Location
- Kayaria-Ramjanpur Hat Road Kalkini Madaripur, 7920 Bangladesh
- Coordinates: 22°59′50″N 90°16′59″E﻿ / ﻿22.99729°N 90.283082°E

Information
- Motto: শিক্ষাই আলো
- Established: 1968
- School board: Dhaka Education Board
- School district: Madaripur
- School number: DEB 110665
- Headmaster: Lal Miah Jomadar
- Grades: 6-10
- Gender: Girls and boys
- Website: deb110665.dhakaeducationboard.gov.bd

= Kayaria Eidgah Secondary School =

Kayaria Eidgah Secondary School is a secondary school in Kayaria Union, Kalkini Upazila, Madaripur District, Bangladesh. The school is a government-registered high school under the Board of Intermediate and Secondary Education, Dhaka.
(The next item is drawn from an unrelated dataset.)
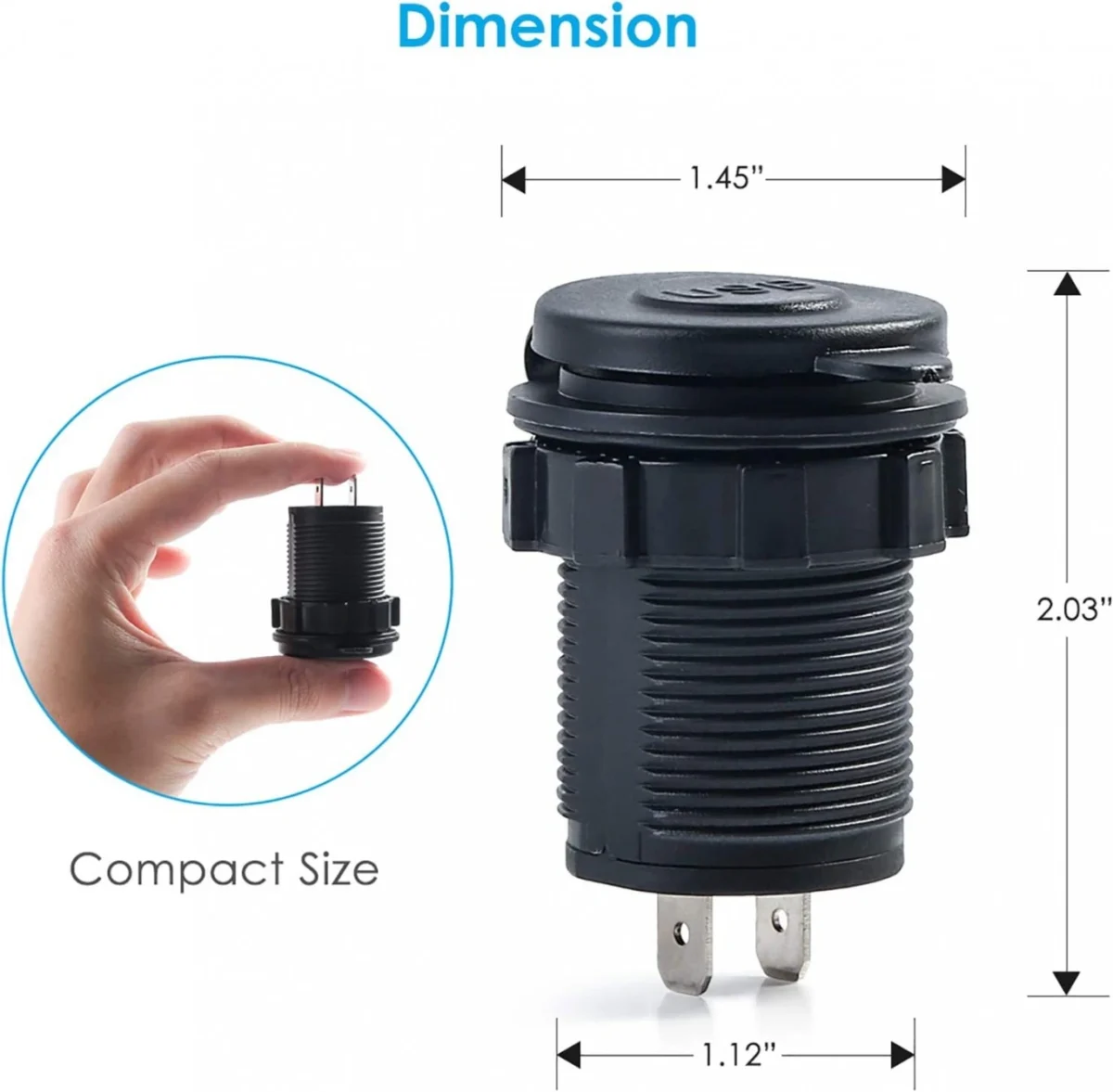 Διπλός USB Αδιάβροχος Φορτιστής & Βολτόμετρο έως 15V με LED Οθόνη - για Μηχανή / Μοτοσικλέτα & Σκάφος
The EIIN number of the school is 110665. The geographical coordinates of the school's location are 23°4'31.79" North, 90°13'36.53" East.

The school was established for educating the female population of Kayaria Union, and is the oldest school in Kayaria Union Council. The Union previously had establishments for secondary education, but girls were not permitted to attend. The people of the village contributed to the development of the school by supplying funding and building materials.

Students in 6th to 8th grade who graduate are required to take the Junior School Certificate (JSC). Students in 10th grade take the Secondary School Certificate. Departments of the school include Science, Arts (Humanities) and Business Studies (Commerce).